Chuck E. Weiss was born in 1952, which makes him too young to be one of Norman Mailer’s White Negroes (1957), but old and precocious enough to be imprinted on that era of mostly African American cool culture. It was a time of hep tenor sax jazz, a wild rhythmic lingo and spiel, cynical sentimentalism, and an attitude that acknowledged life in the past was better than the present tense, Cold War-wise that is. In other words, all that metal on your General Motors automobile may not protect you against the atomic bomb, but it sure feels safe to drive that boat of a car down the boulevard.
One could label Weiss’ music, “That Knucklehead Stuff”, as he titles one of his holy holy streetwise riffs on the meaning of life. Weiss grunts and growls over a funky drum and scratchy guitar beat punctuated by horn honks, bass drawls and such. He knows one has to fake it to make it in this world cuz that’s the best one can do. Hey, gimme a sip of that stuff in the brown bag.
Most of the time Weiss’ words don’t mean much more than their rhythmic sound, concrete poetry of the highest nature. This explains the ingratiating liveliness of such tunes as “Oo Poo Pa Do in the Rebop” and “The Hink-A-Dink”. They are cartoonish in nature, like an exploding cigar joke. No matter how smart one thinks he or she is, one always laughs to the groove at the moment of detonation.
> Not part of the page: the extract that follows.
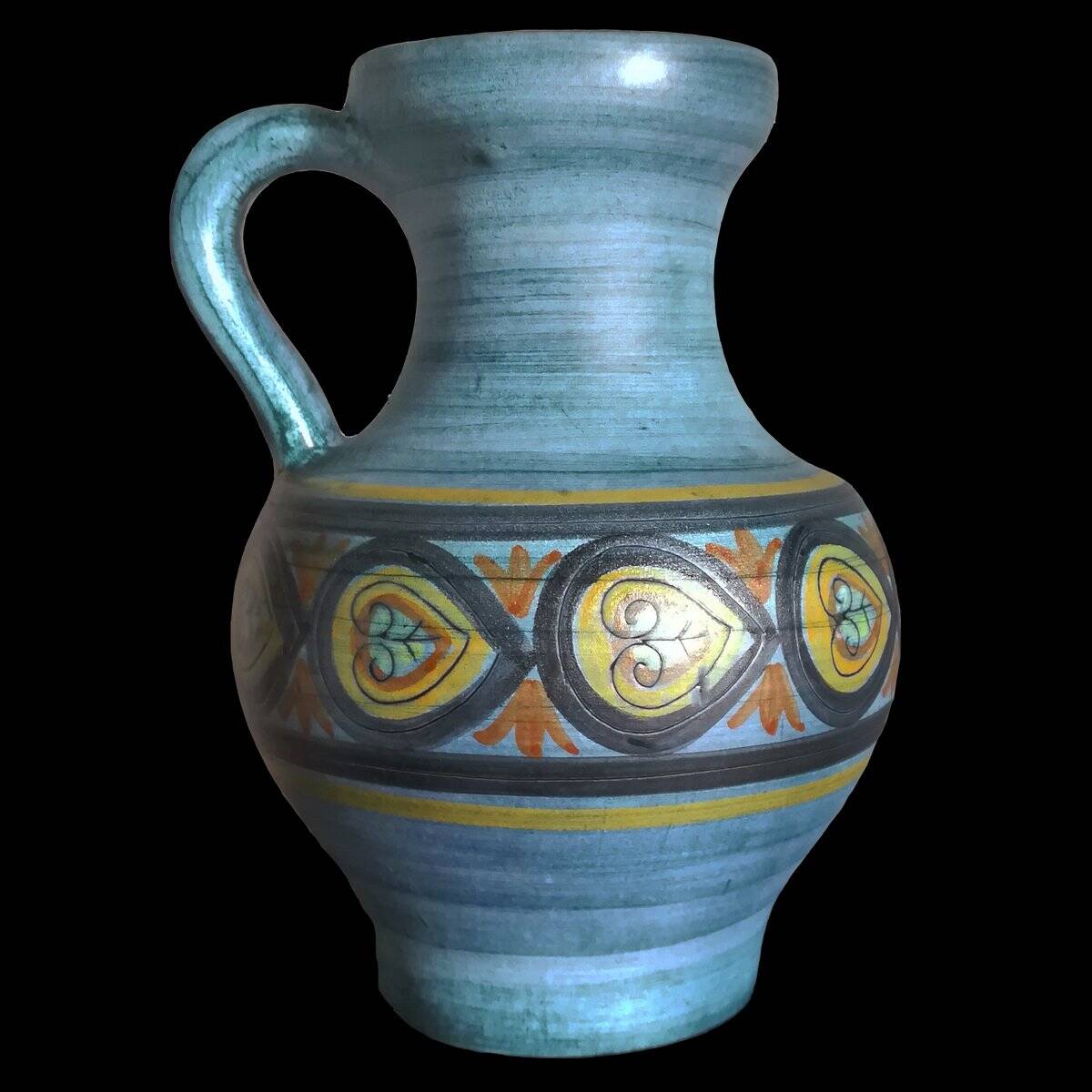 Ceramic vase by Jean De Lespinasse, model F2, France, 1960s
Or sometimes it’s the missing bang that makes the biggest sound. On Weiss’ most affecting proclamation, “Bomb the Tracks”, he asks why no one blasted the railroad lines to the Nazi concentration camps during the Second World War. Apparently, Winston Churchill was in Brazil and “burned his tuches on a Volkswagen grill / Drinking Tokay wine with a girl named Bill.” Joseph Stalin “was drawing futuristic pictures of Huckleberry Hound”. Franklin Delano Roosevelt was in Maine “doing the Boogaloo chicken about to go insane”. In other words, they were doing nothing to save the Jews. Weiss doesn’t know who to blame “It’s not much danger / To bomb those chambers”, but comes to the conclusion that “I guess the whole world’s left to blame.” The heaviness of the concern belies the lighthearted melody and tongue by jowl comments. One waits for Weiss to erupt, but he never does.
Speaking of “Waits” as in Tom, Weiss’ gruff voiced chum along with his other pal, actor Johnny Depp, served as executive producers of this disc. Weiss may sing that he’s “friends of those who have no friends”, but Weiss has ’em and like Waits, Weiss is much more of a raconteur than a singer. That’s cool. The whole disc is cool, as in frozen in time from another era. It captures the mythic America of big cars, small stages, cigar smoke, and cheap whiskey. Weiss even titled one of his compositions “New Old Song” because he knows being alive is just as scary today as yesterday. We live and we die and we still live and we still die. The song remains the same, indeed just as it is always changing. Paradox or dialectic, you toss the coin and decide.